(Problem requirements) When you copy the entries, omit the images and keep every word as it is.

---*---

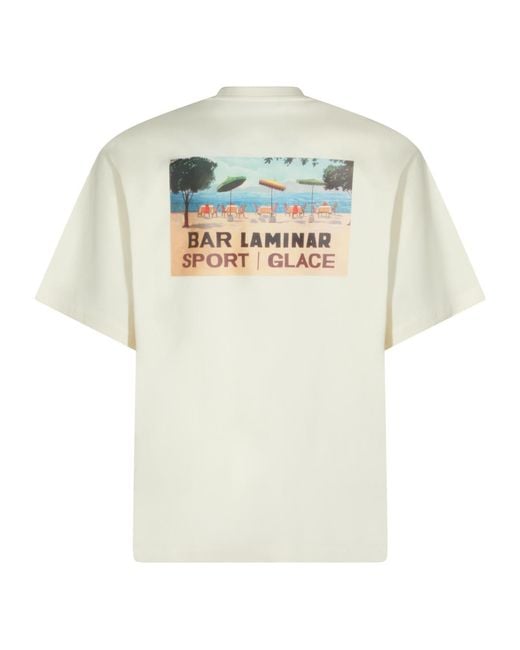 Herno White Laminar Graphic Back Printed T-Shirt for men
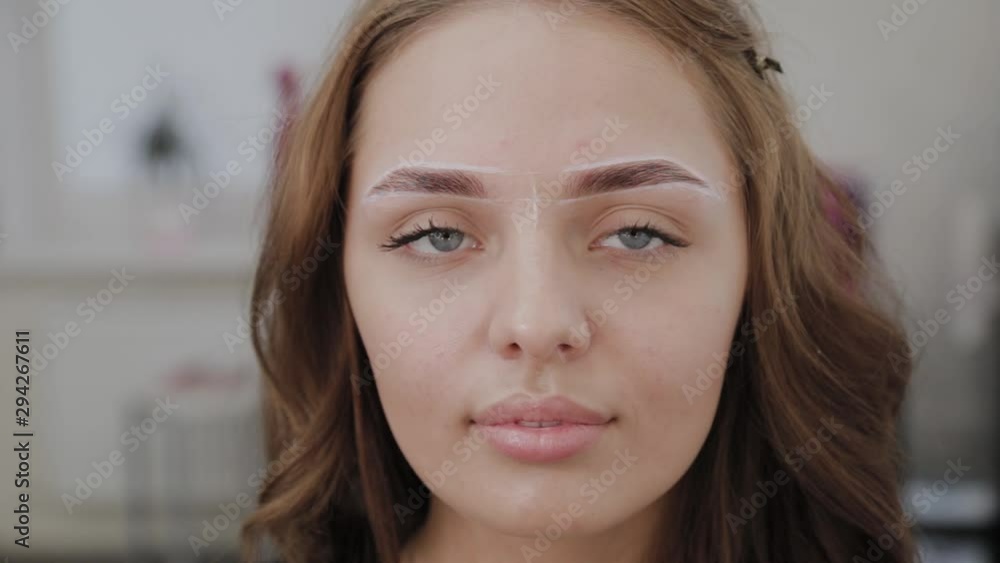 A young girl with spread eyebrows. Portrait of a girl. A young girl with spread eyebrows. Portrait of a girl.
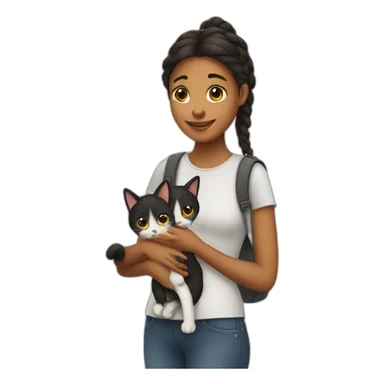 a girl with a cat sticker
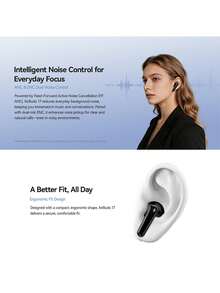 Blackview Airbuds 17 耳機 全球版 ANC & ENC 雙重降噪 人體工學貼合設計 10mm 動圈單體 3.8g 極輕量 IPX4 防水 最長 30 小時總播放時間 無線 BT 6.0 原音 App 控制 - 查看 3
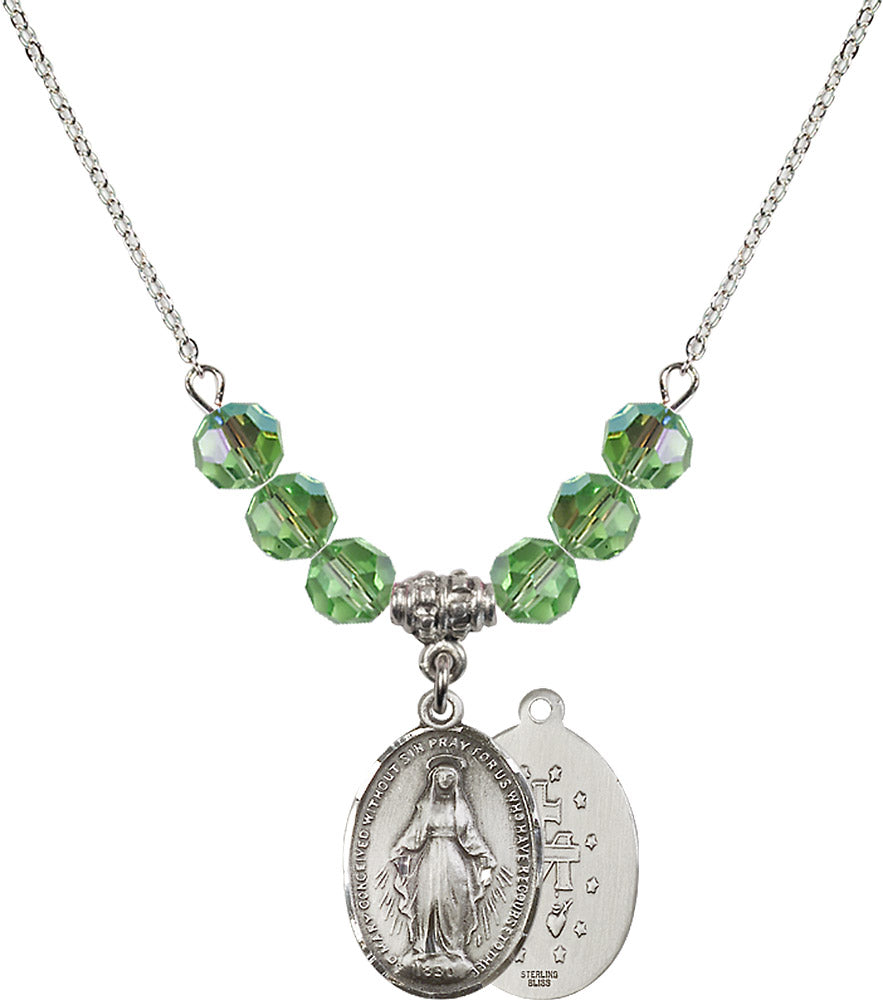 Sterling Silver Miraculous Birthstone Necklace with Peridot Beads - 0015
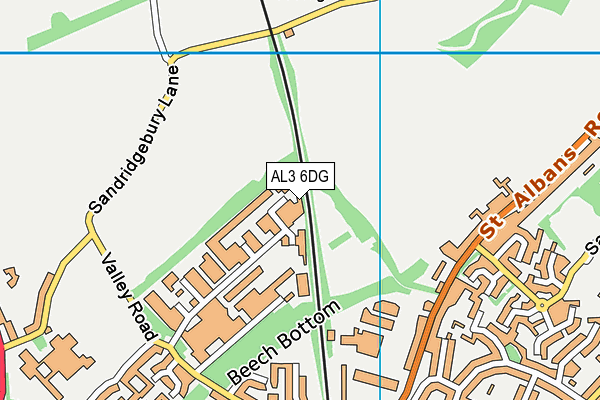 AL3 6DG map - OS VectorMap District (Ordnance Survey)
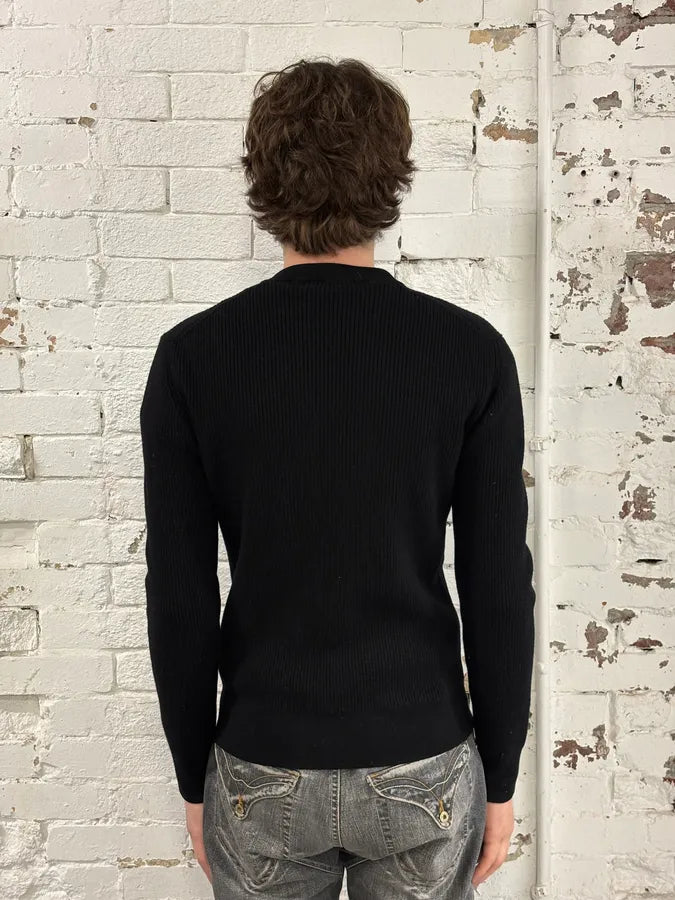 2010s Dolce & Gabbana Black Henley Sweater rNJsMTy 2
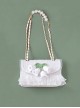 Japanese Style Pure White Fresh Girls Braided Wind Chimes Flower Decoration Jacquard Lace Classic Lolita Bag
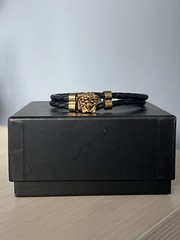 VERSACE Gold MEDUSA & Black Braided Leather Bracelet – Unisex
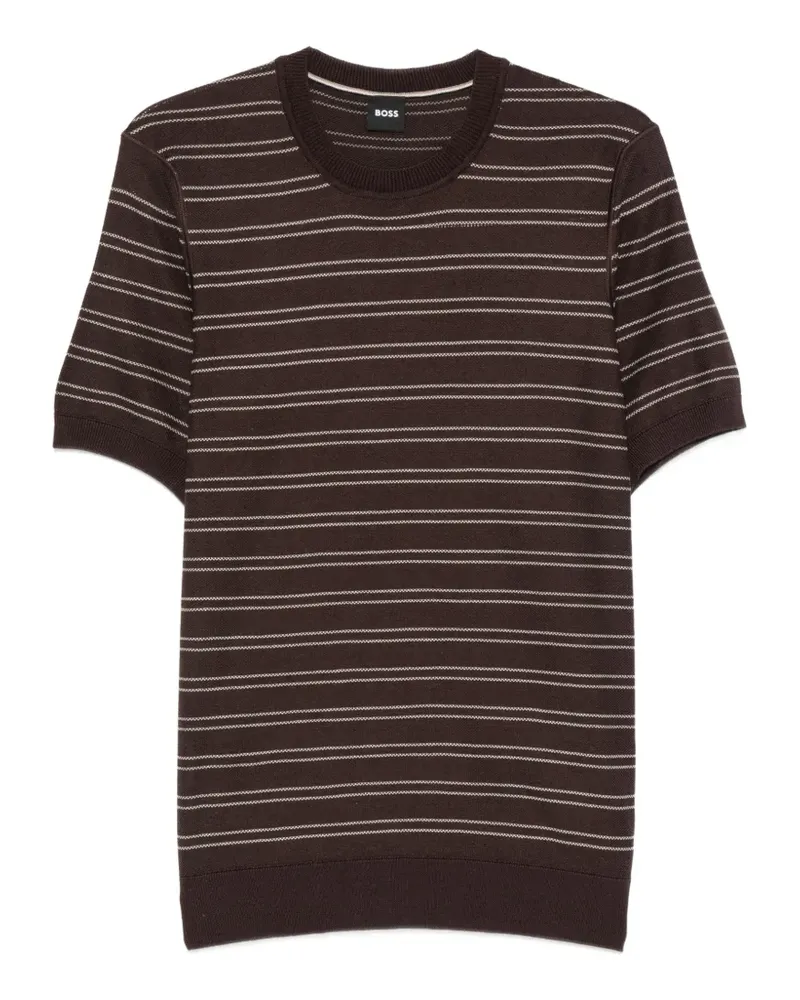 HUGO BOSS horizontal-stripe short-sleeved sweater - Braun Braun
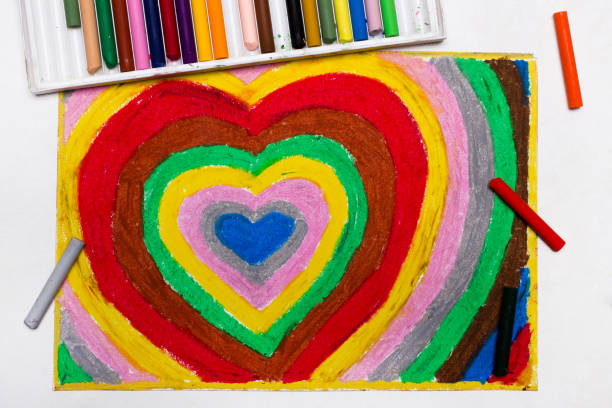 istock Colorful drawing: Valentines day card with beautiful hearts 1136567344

---*---

(Answer area)
 Herno White Laminar Graphic Back Printed T-Shirt for men
 A young girl with spread eyebrows. Portrait of a girl. A young girl with spread eyebrows. Portrait of a girl.
 a girl with a cat sticker
 Blackview Airbuds 17 耳機 全球版 ANC & ENC 雙重降噪 人體工學貼合設計 10mm 動圈單體 3.8g 極輕量 IPX4 防水 最長 30 小時總播放時間 無線 BT 6.0 原音 App 控制 - 查看 3
 Sterling Silver Miraculous Birthstone Necklace with Peridot Beads - 0015
 AL3 6DG map - OS VectorMap District (Ordnance Survey)
 2010s Dolce & Gabbana Black Henley Sweater rNJsMTy 2
 Japanese Style Pure White Fresh Girls Braided Wind Chimes Flower Decoration Jacquard Lace Classic Lolita Bag
 VERSACE Gold MEDUSA & Black Braided Leather Bracelet – Unisex
 HUGO BOSS horizontal-stripe short-sleeved sweater - Braun Braun
 istock Colorful drawing: Valentines day card with beautiful hearts 1136567344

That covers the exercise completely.